##### Data listing

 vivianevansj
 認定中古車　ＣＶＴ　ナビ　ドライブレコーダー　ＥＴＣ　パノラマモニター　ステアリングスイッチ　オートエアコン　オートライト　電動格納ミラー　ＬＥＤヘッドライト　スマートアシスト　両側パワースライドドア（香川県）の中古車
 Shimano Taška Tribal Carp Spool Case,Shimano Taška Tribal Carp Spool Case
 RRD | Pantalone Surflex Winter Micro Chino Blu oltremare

##########
##### Data listing

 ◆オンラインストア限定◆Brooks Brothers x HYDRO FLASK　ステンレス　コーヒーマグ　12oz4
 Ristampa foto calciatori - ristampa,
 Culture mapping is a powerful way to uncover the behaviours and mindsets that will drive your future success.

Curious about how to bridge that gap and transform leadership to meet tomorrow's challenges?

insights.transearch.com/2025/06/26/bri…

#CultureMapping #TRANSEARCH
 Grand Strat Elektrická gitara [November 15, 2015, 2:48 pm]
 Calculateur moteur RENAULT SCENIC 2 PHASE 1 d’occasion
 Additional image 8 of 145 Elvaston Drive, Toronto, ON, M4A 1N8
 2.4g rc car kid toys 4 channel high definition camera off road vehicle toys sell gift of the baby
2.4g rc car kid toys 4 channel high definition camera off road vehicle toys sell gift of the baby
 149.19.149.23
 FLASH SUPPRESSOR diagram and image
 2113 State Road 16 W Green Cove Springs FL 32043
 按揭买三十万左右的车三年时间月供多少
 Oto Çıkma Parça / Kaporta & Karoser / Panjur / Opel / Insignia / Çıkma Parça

##########

■ What the task requires:
Which lines above run from the one containing "vivianevansj" to the one containing "RRD | Pantalone"? Give them again exactly, both ends included.

■ Exercise result:
 vivianevansj
 認定中古車　ＣＶＴ　ナビ　ドライブレコーダー　ＥＴＣ　パノラマモニター　ステアリングスイッチ　オートエアコン　オートライト　電動格納ミラー　ＬＥＤヘッドライト　スマートアシスト　両側パワースライドドア（香川県）の中古車
 Shimano Taška Tribal Carp Spool Case,Shimano Taška Tribal Carp Spool Case
 RRD | Pantalone Surflex Winter Micro Chino Blu oltremare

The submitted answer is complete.